■ **Work instructions**
Go to the line below containing "Lot 1340 - A" and print exactly from there through the line containing "A man uses a", both included. Print nothing else.

■ **Source material**
++++++++

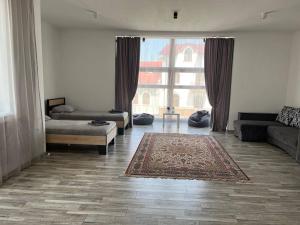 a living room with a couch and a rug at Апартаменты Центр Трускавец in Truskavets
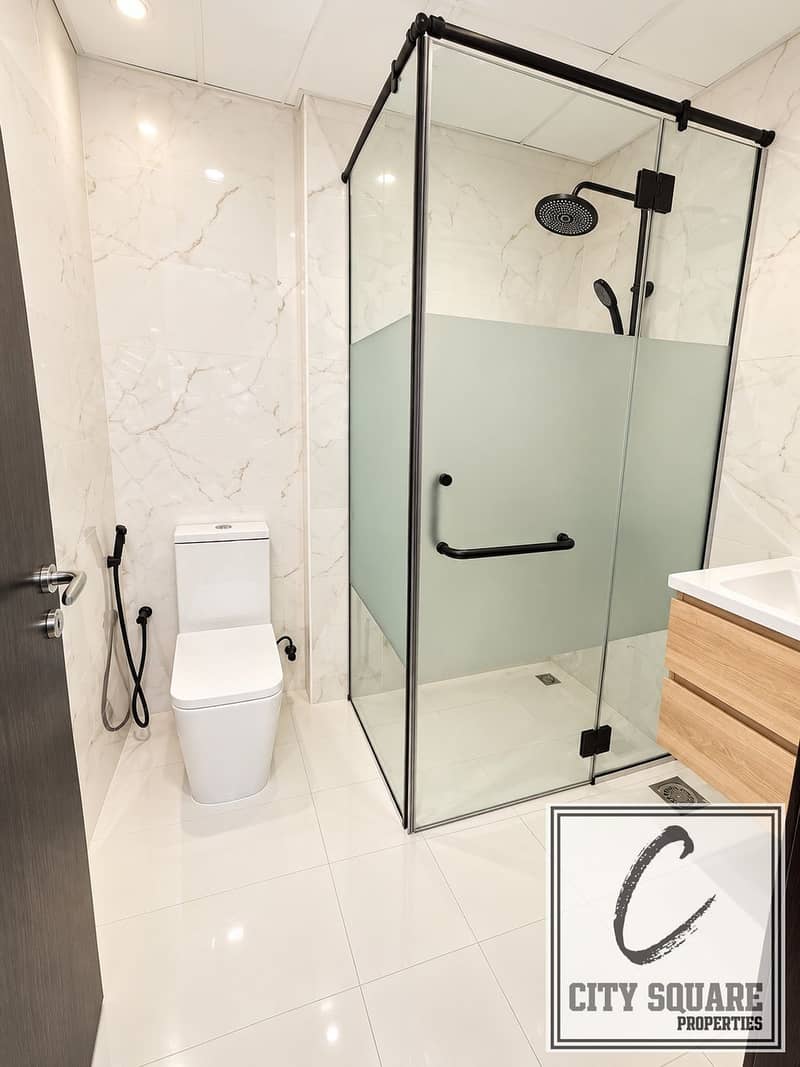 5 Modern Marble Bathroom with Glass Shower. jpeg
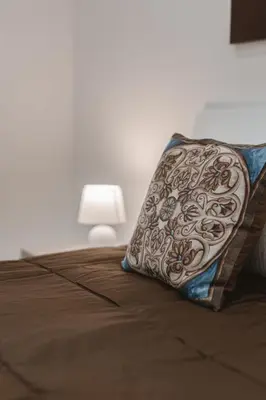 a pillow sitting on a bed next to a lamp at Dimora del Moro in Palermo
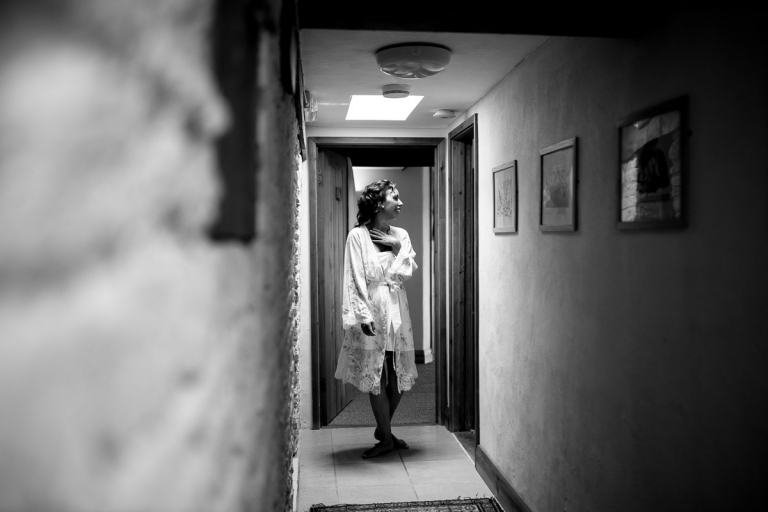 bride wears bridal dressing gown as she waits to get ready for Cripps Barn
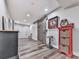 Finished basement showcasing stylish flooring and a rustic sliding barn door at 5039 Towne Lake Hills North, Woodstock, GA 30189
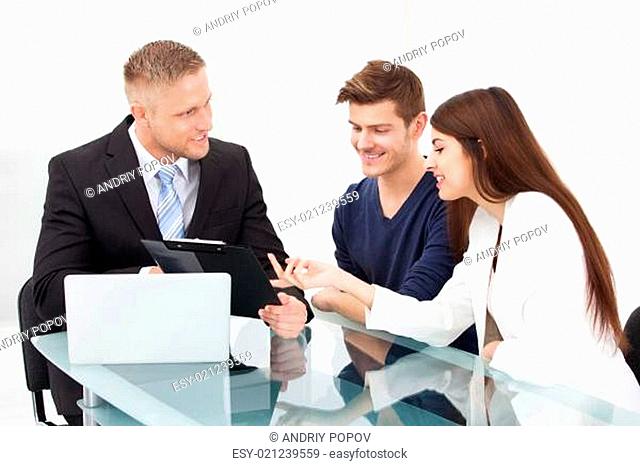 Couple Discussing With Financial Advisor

++++++++

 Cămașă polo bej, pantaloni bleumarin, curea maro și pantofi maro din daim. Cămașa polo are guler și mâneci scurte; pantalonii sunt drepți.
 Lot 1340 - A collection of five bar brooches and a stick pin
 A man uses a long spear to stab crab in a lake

++++++++

■ **Your response**
 Lot 1340 - A collection of five bar brooches and a stick pin
 A man uses a long spear to stab crab in a lake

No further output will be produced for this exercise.